Posted: Thu Dec 31, 2009 8:32 pm
by alotawatts
CPALMER
What year is your car ? .....older style aux air valve ?

Posted: Fri Jan 01, 2010 6:03 pm
by Lenny D.
Back from merriment...!

That is a good site I found some time ago that explains how an AFM works even if it is addressing the Porsche crowd.

To address cpalmer's thoughts:

The 'click' arrangement is a coarse setting that sets how much resistance to moving air the flap in the AFM is subjected to. The adjustment screw under the AFM is a fine tuning of that setting and the one we adjust for proper idle mixture. You can mark where it is now, lift the springset and move it a click or two in either direction, but that is the same as hooking up the AFM to the throttle body without the air filter and lightly pushing on the flap. Pushing enrichens the mixture at idle, and like myopes (near-sighted folks who always want more 'power' to see in the distance, to a fault) the M30 engine is always wanting to run richer , so pushing on the flap will improve the idle - to a point - until it is too rich to run smoothly, but most importantly, way beyond the stoichiometric air-fuel mixture of 14.7:1 for complete combustion.
These terms regarding 'clicks' get bounced around without the understanding of the engineering designs. The above is just for explanation, you really don't need to do that, and it won't affect your worn wiper track. (see my post on AFM adjustment as printed with permission from the kind folks at Metric Mechanic in the archives for more info.)
What will affect it is to either 1) bend the arm, or 2) remove the entire carbon board (several things must come off first, and you MUST mark where the wiper arm lives at rest, so it can go back in the exact same location - that affects the entire range of signal sent to the ECU) and elongate the mounting holes slightly so that the board sits in a different position from original. I believe it can only move downward. It doesn't take much. Either of these methods will cause the arm to track in a different arc. Notice there are two points of contact on the wiper arm, that was a redundant factor built into the design. (But it wasn't meant to last 30 years).

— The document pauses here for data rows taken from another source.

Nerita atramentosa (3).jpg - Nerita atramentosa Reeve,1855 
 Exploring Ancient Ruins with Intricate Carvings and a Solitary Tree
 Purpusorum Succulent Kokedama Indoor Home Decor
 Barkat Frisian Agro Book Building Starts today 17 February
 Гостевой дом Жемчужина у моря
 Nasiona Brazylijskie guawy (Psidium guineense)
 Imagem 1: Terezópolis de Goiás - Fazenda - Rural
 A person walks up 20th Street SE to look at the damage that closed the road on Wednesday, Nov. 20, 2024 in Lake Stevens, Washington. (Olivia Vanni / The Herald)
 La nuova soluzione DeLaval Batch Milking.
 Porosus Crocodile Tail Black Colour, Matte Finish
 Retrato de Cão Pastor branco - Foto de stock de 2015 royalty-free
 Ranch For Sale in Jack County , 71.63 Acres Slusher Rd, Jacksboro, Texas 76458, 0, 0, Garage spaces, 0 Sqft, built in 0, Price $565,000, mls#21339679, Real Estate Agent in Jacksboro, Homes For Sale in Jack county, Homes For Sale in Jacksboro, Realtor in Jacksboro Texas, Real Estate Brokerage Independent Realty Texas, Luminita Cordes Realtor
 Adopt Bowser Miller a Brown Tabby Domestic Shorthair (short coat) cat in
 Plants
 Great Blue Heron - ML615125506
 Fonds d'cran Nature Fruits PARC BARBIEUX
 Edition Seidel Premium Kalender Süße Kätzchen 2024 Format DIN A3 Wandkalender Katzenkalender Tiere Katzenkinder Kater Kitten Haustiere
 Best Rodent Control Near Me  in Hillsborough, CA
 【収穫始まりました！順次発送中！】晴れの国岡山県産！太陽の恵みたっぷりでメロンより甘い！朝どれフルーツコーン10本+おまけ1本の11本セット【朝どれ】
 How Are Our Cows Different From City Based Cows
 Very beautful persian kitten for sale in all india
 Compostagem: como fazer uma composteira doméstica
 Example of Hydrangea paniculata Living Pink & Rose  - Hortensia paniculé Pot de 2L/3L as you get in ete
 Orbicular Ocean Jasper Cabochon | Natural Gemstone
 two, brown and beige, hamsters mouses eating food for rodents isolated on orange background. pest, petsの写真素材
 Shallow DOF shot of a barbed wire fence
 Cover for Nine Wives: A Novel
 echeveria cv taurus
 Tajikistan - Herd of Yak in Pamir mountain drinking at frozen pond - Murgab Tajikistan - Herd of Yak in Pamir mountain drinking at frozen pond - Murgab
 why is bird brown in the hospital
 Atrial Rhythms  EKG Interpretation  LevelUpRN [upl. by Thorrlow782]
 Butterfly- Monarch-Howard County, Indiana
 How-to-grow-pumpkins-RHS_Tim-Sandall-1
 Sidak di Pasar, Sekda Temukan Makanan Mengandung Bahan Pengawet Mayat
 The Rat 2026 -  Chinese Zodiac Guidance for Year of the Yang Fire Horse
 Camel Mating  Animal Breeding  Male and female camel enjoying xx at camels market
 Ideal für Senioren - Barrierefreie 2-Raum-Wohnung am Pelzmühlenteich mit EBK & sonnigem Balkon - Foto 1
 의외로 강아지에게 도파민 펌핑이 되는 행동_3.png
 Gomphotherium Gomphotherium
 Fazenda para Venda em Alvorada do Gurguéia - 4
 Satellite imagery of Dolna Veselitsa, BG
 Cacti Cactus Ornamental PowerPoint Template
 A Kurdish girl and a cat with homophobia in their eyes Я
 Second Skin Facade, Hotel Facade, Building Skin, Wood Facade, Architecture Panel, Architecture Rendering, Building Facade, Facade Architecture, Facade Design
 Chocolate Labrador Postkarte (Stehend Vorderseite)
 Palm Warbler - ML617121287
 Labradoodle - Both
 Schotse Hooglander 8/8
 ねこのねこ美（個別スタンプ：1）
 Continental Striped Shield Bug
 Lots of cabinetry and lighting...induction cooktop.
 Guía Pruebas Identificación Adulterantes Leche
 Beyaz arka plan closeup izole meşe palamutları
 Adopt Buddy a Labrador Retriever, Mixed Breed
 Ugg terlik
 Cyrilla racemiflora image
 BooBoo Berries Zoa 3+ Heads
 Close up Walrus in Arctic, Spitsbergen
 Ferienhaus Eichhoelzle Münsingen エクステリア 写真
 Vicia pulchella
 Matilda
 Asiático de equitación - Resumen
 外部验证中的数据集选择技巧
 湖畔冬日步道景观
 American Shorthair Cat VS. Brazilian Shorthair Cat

So we improvise. This will address your worn wiper arm condition only. If there are other factors needing addressing, they must be attended to one at a time.

Posted: Sat Jan 02, 2010 3:24 pm
by Mike W.
I would add a couple of things to the AFM writeup.

1. Always mark it. It's spring loaded, nothing you can't hold back, but it will be more than you expect and jump when you release it. It will, believe me. Do that and you're lost.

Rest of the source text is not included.